# Newbie with van conversion



## Mark D (Apr 17, 2011)

Hi guys. I've just joined the forum so would like to say hello. I've just finished a conversion on my Renault master. The main purpose was to use it to sleep in when I'm racing my car but I'm impressed with what I've achieved and now want to use it for more, hence finding this forum. I'm going to take some time and have a good read of the previous posts over the next few days so may have a few questions etc in a wee while. 

Mark D


----------



## Firefox (Apr 18, 2011)

Post some pics if poss, it would be cool to see it! I've also done a conversion on the Master (A Movano actually, but it's exactly the same van).


----------



## Deleted member 3802 (Apr 18, 2011)

welcome mark,enjoy the freedom the van give's you
p.s. shouldn't it be north yorkshire ?? not north east you don't want to be with that lot surly


----------



## maingate (Apr 18, 2011)

Hi and welcome.

Take no notice of Old Arthur, he's from Doncaster you know. 'North East' sounds upmarket so stick with that.


----------



## Deleted member 3802 (Apr 18, 2011)

:banana::banana::lol-049::blah:


----------



## Deleted member 13859 (Apr 18, 2011)

*welcome*

hi mark d 

welcome to the site, full of usefull info and good advice, enjoy your van.

tranivanman


----------



## Mark D (Apr 18, 2011)

As it was designed for racing I've kept it simple. Across the rear I've made a bed frame 30" high wide enough for a double matress. This is all boxed in and carpet lined from the front. Underneath this accessed from the rear is tool space. The partition below the bed is removable so that access is Also available from the front. This will allow an airbed lengthways below the fixed bed. The stove is going to be drop down mounted on the rear doors as I don't want bacon smells inside the van and we always use a gazebo over the rear. I've also room in the tool area for the porta loo which can be moved as and when required.
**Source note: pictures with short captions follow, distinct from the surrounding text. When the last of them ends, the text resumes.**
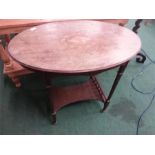 A victorian oval two tier occasional table with galleried rails under, resting on castors.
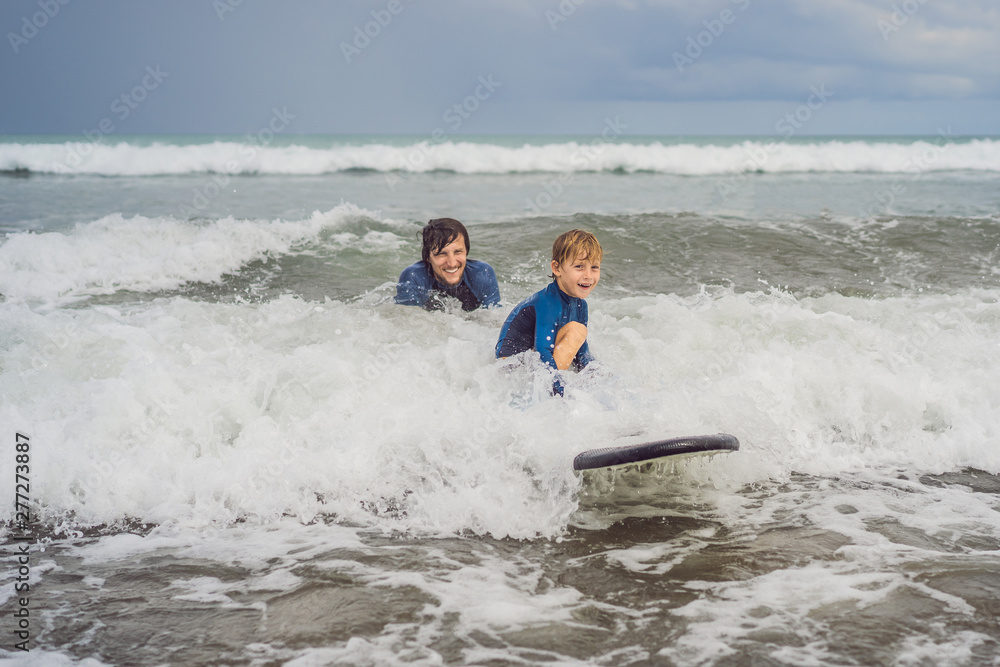 Father or instructor teaching his 5 year old son how to surf in the sea on vacation or holiday. Travel and sports with children concept. Surfing lesson for kids Father or instructor teaching his 5 year old son how to surf in the sea on vacation or holiday. Travel and sports with children concept. Surfing lesson for kids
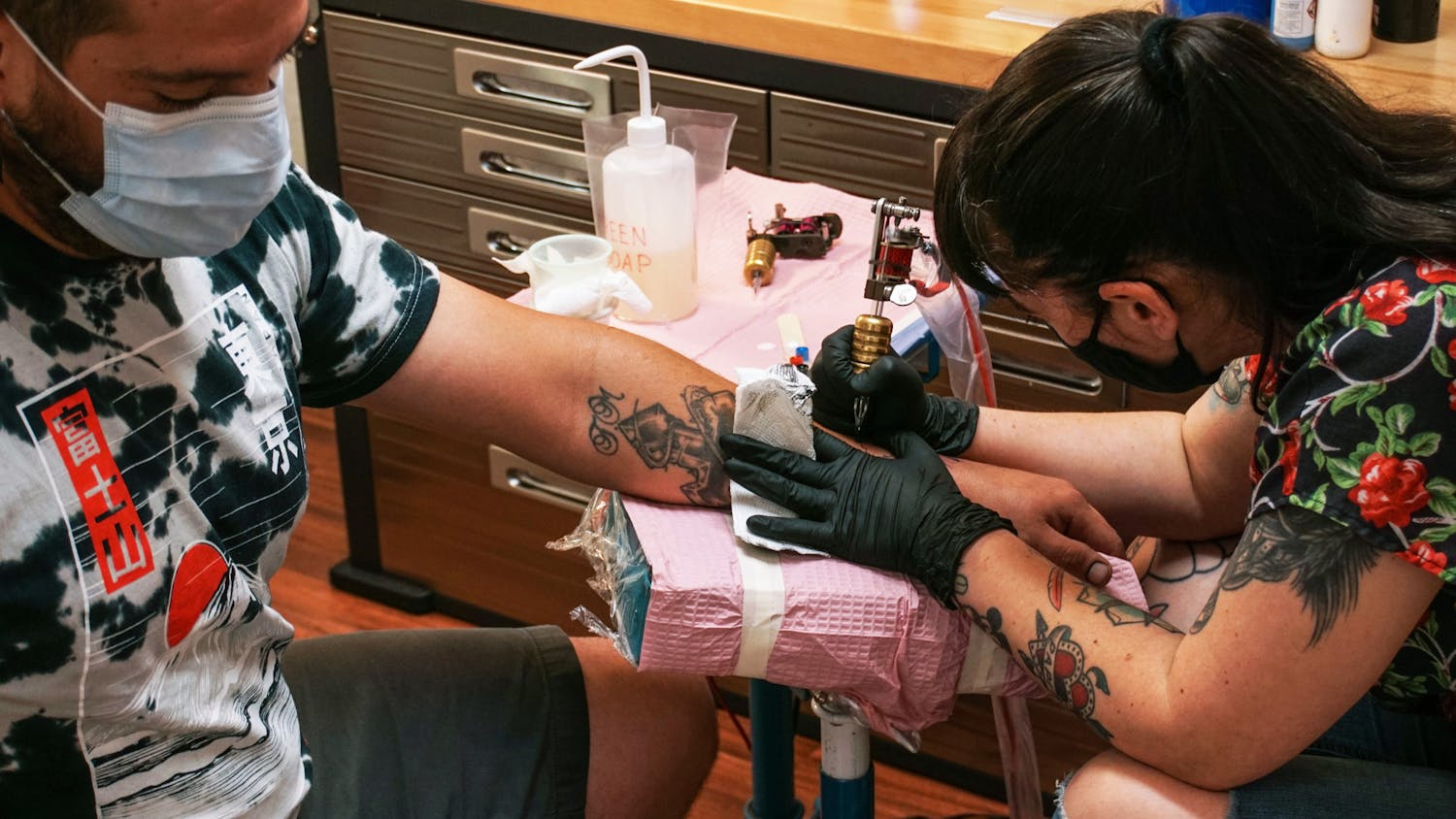 Kristyn Lopez, 37, (right) gives a tattoo designed to emulate a tarot card to Franciso Martinez, 31, a Gainesville resident (left) on Sunday, June 13, 2021.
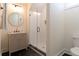 Modern bathroom features black hexagon floors, and glass enclosed shower with geometric wall tiles at 1329 Wood Sorrel Dr, Moncks Corner, SC 29461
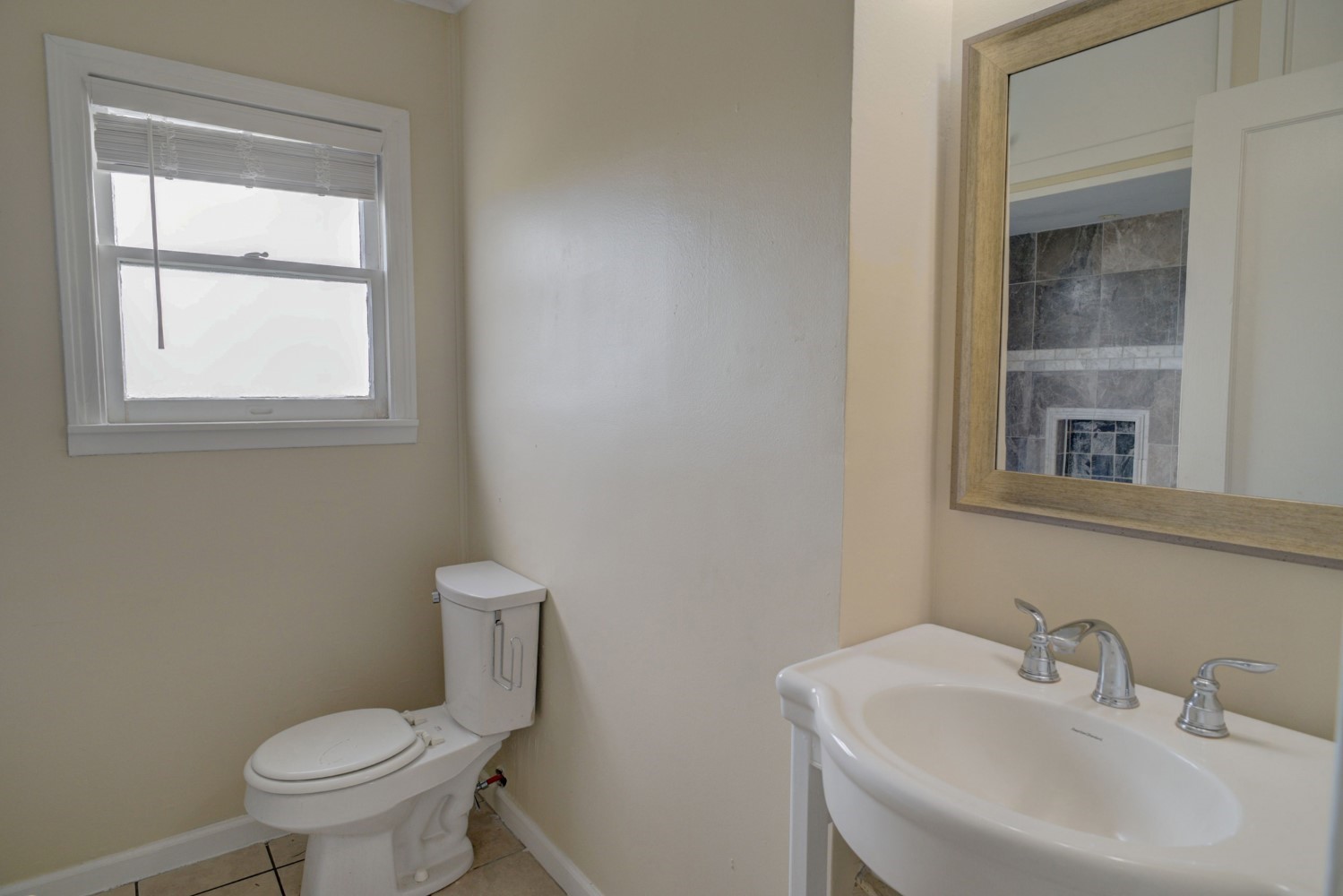 2940 Rabbs Prairie Road La Grange, TX 78945 - Photo 24 of 39 a white toilet sitting next to a bathroom sink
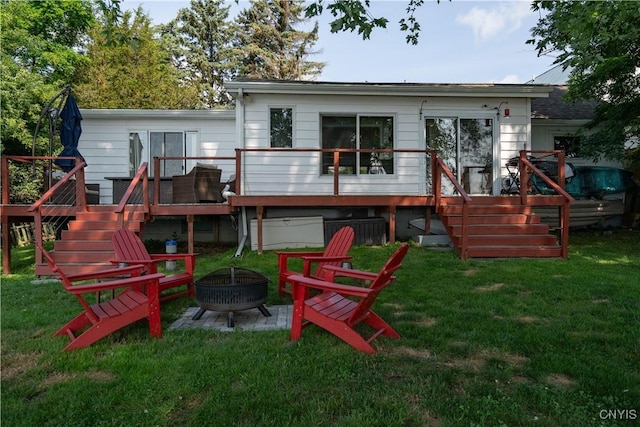 back of property with a wooden deck, stairs, a fire pit, and a yard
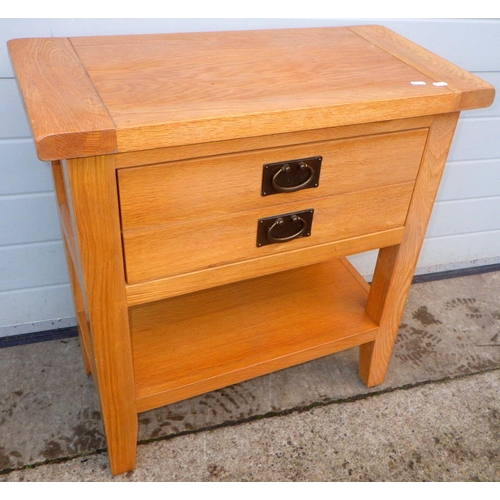 750 - A modern oak side table with single drawer together with two wicker chairs (3)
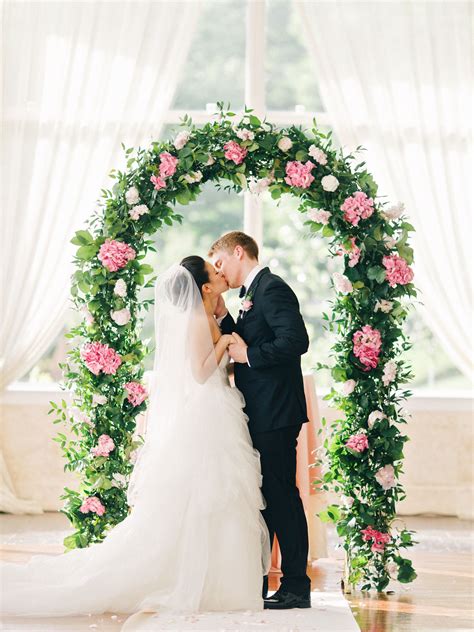 Wedding Arch With Greenery and Pink Hydrangeas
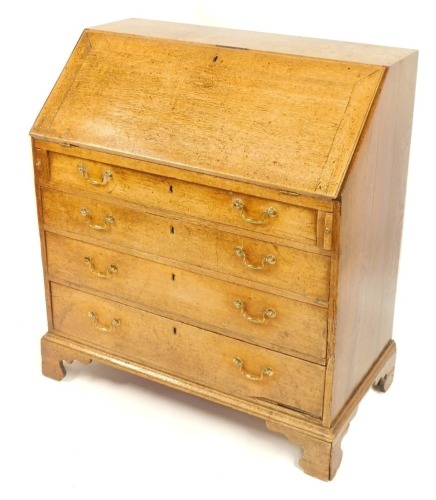 A 19thC oak bureau, the fall flap above arrangement of four drawers, with brass swing handles, on bracket feet, 105cm high, 95cm wide, 50cm deep.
It really is simple but seems to have opened loads of possibilitys and I already want to build something bigger. Power is by 12v leisure battery on a split charge circuit but it's only powering 2 strip lights, a tv and a playstation which has been converted to 12v


----------



## Mark D (Apr 18, 2011)

maingate said:


> Hi and welcome.
> 
> Take no notice of Old Arthur, he's from Doncaster you know. 'North East' sounds upmarket so stick with that.


 
Whilst I am a Yorkshire man born and breed, guisbourough is actually in Cleveland, Redcar and Cleveland, tees valley who knows, so easier to say north east


----------



## Mark D (Apr 19, 2011)




----------



## Guernsey Donkey (Apr 19, 2011)

Hi Mark D - welcome to wildcampers the site with all the knowledge thats needed to help you. I wish I could get my van that shinny she looks brilliant.


----------



## Mark D (Apr 19, 2011)

Guernsey Donkey said:


> Hi Mark D - welcome to wildcampers the site with all the knowledge thats needed to help you. I wish I could get my van that shinny she looks brilliant.


 
I used some stuff called mirror image, it's made by autosmart and only usually available to the trade but I got a litre off good old fleabay. I believe it has a slight cutting compound in it so restores weathered paintwork but unlike t cut it does not contain silicon


----------



## Deleted member 13859 (Apr 19, 2011)

hi mark d

like your set up, similar to mine, bed in the rear, i,ve got mycooker mounted down the side iin the front half opposite the sliding door.
all my stuff comes out in about 1/2hour as i use my van for other things, i can put my two dog kennels in and a row of three seats or i can have it as just an empty van for collecting stuff for my charity work.

well done and enjoy

tranivanman


----------



## Mark D (Apr 22, 2011)

I tried the van out last week and had a really good nights sleep. Parked in a motorway serv Stn for an hour or so next to a MH and the owners gave me the thumbs up as they left which made me smile a little.


----------